10)  Some will continue to wring their hands at the decline of the Church’s influence and power while quietly, the gospel will advance in cities around the world. A burgeoning gospel-centered movement to church plant in the worlds’ biggest population centers will slowly transform whole neighborhoods, boroughs, and even whole cities.   Small town pastors will continue their faithful gospel work. And Jesus’ promise to build His church will continue unabated by other factors.

11)   People will continue to demand content in a variety of platforms. Reading of online content on smart phones and iPads will increase. The desire for magazine-style journalism on digital devices will increase. And the consuming of e-books will level off but not drop off as readers appreciate the complimentary nature of both digital and analog.

12)   Smart, young, conservative evangelicals will continue to quietly make their mark in leading cultural and political institutions. Christian colleges and seminaries will keep churning out committed, well-read, world-shapers eager to contribute to human flourishing in their generation.

13)   The color of the Church as we know it will continue to change. The embrace of intentional racial diversity by the evangelical church, rapidly changing North American demographics, and changing attitudes about race will continue to bring Sunday gatherings closer to John’s vision of the Kingdom in Revelation 9.

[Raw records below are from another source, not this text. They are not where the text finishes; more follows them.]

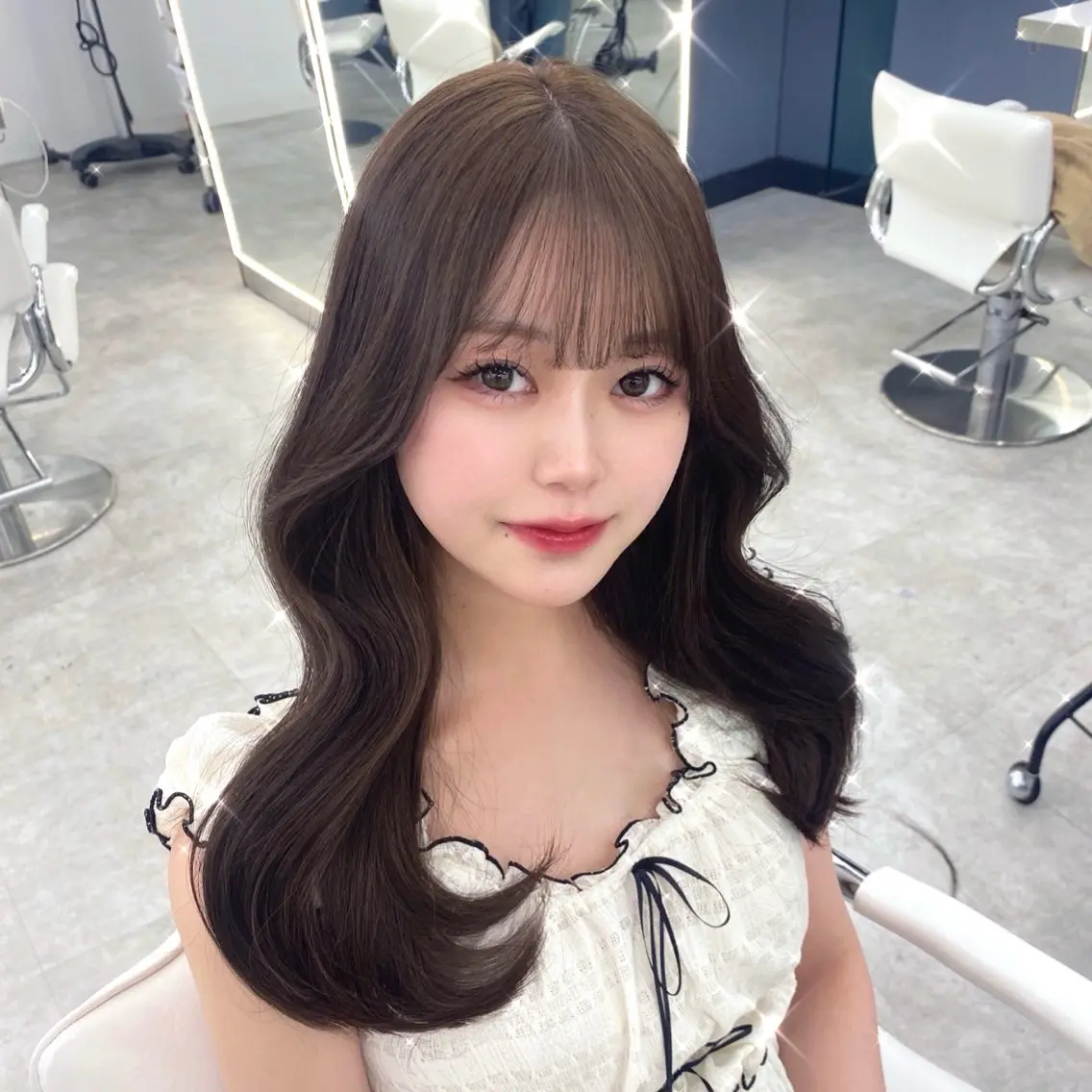 🎀韓国巻きスタイリング🎀お出かけ前に🤍の写真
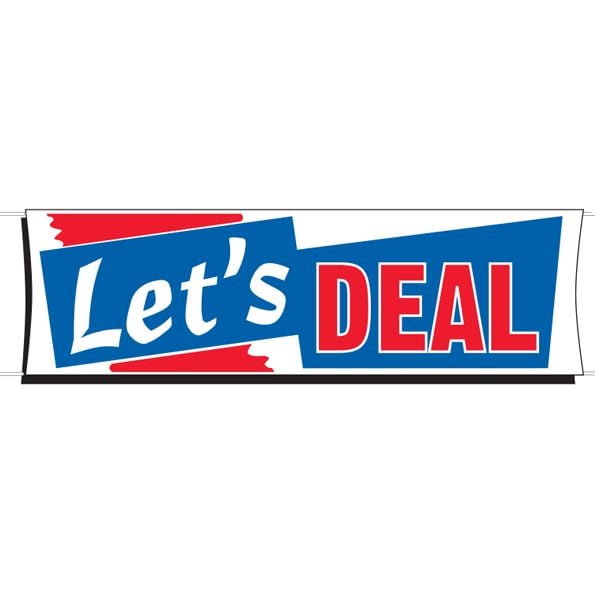 3 x 10 Let's Deal Banner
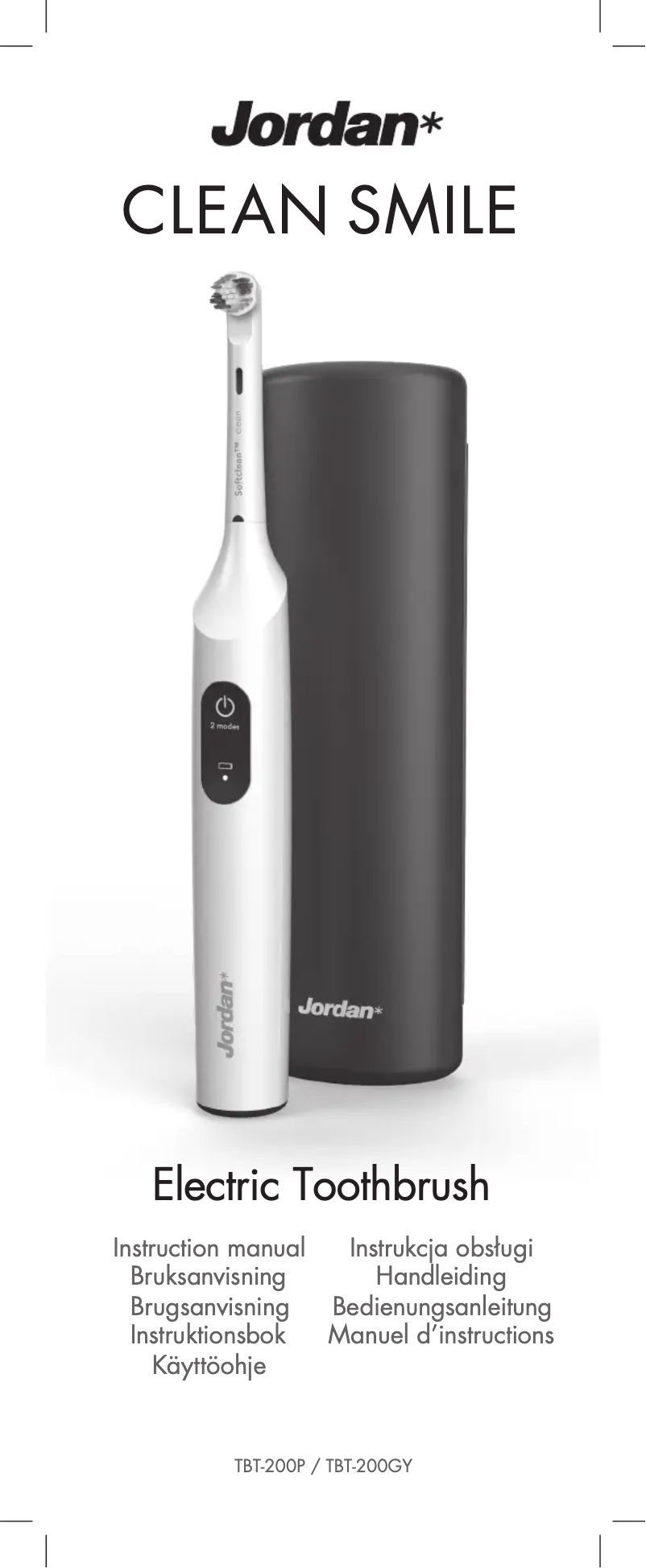 Page n°1 - Manuel utilisateur Jordan Clean Smile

14)   Bloggers will continue to blog about Mark Driscoll, even if there is nothing left to talk about. No explanation needed here, really.

15)   The prolife movement will continue to make gains, both in public attitudes, in state-by-state legislative remedies, and in the heroic work of countless crisis pregnancy centers around the world. The outrage of abortion on demand will continue to prick the American conscience.

16)   Dr. Russell Moore will continue to mock me for calling Diet Pepsi “pop” instead of coke. And I’ll continue to stand out as a Midwesterner among southern gentleman here in Nashville.

17)   Tim Keller will continue to churn more awesome books than I  have time to read.